Gemeinsamer Antrag im Konsumentenschutzausschuss

Wien (OTS/ÖVP-PK) - "Der Schutz unserer Kinder, ihre Sicherheit
und Gesundheit sind für uns vorrangig. Auch mit kleinen Schritten in unmittelbaren Lebensbereichen kann man dazu beitragen, diesen Schutz zu verbessern und auszuweiten." Mit diesen Worten erläuterte ÖVP-Konsumentenschutzsprecherin Abg. Gabriele Tamandl heute, Mittwoch, einen Antrag an Konsumentenschutzminister Hundstorfer, den sie gemeinsam mit ihrem SPÖ-Kollegen Johann Maier in der heutigen Sitzung des Konsumentenschutzausschusses eingebracht hat. In diesem Antrag geht es darum, sich auf nationaler und EU-Ebene für Schwermetallgrenzen bei Schmuck, insbesondere für Bleigrenzwerte bei Kinderschmuck, einzusetzen.

"Wir wollen, dass wegen des hohen Schwermetallgehaltes vor allem bei billigem Kinderschmuck wie Armbändern und Kettchen Grenzwerte festgesetzt werden", verwies Tamandl auf eine Untersuchung aus Deutschland, wonach von mehr als 200 vermarkteten Kinderschmuckartikeln 30 Prozent Bleikonzentrationen aufwiesen, die über den zulässigen Höchstwerten in den USA liegen. "Wir sehen da die Gesundheit unserer Kinder gefährdet", so Tamandl. "Allergien und Hautkrankheiten nehmen zu. Wenn es durch Schmuck dieser Art ein Gefahrenpotential gibt, sollten wir das möglichst gering halten oder ausschalten helfen."

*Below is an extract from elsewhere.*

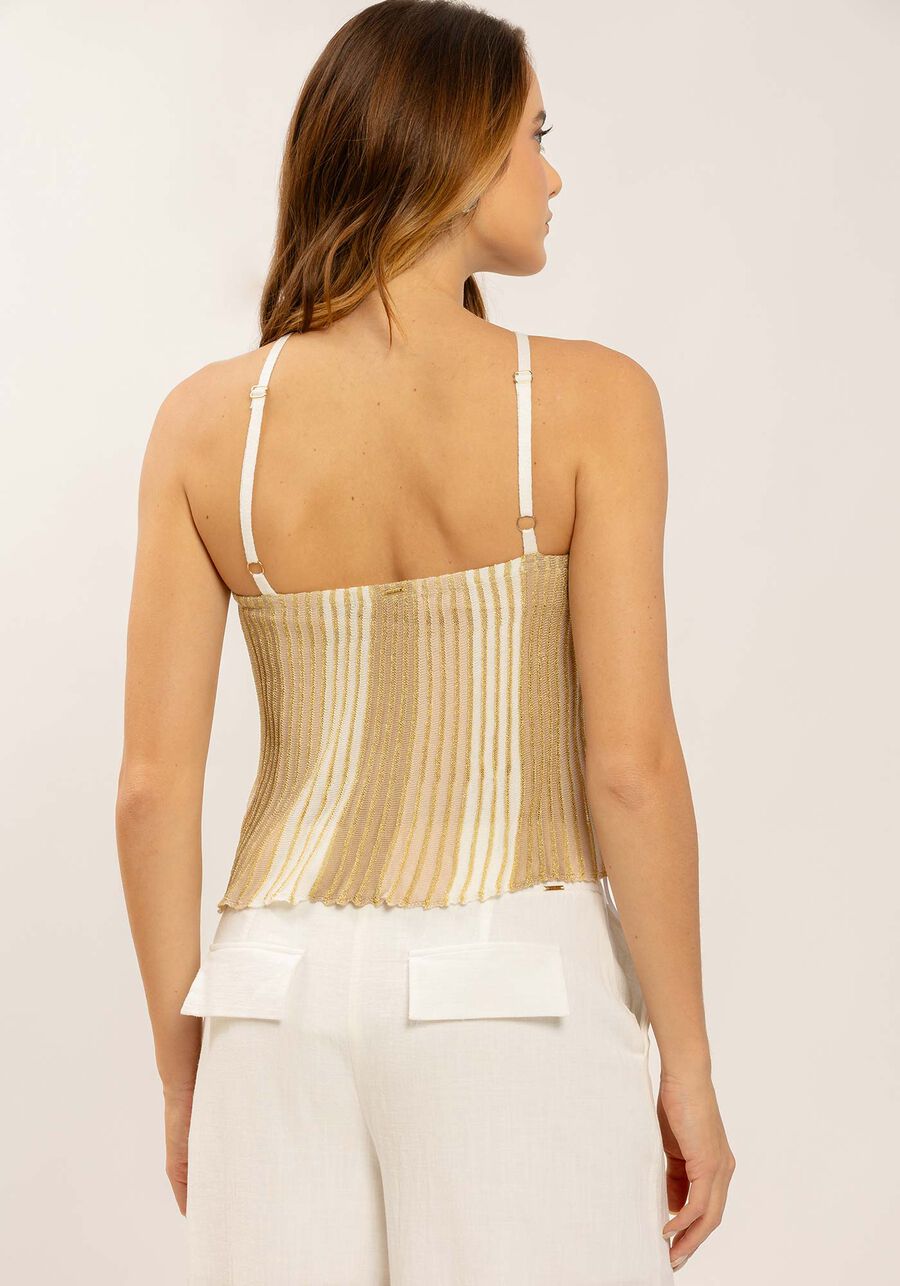 Blusa Um Ombro Só em Tricô com Lurex, BEGE CAQUI. Blusa Um Ombro Só em Tricô com Lurex, BEGE CAQUI, large.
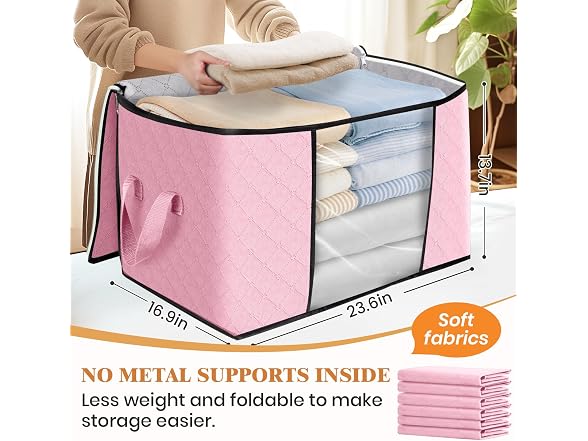 Fab totes 90L Pink 4 Pack Storage Bags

Tamandl fordert daher gemeinsam mit ihrem SPÖ-Gegenüber den Konsumentenschutzminister auf, sich in der EU für Schwermetallgrenzwerte bei Schmuck, insbesondere für Bleigrenzwerte bei Kinderschmuck, einzusetzen. "Natürlich müssen bei den Gesprächen dazu alle Betroffenen - also auch die schmuckherstellende Glasindustrie und das Kunsthandwerk - eingebunden werden", schloss die ÖVP-Konsumentenschutzsprecherin.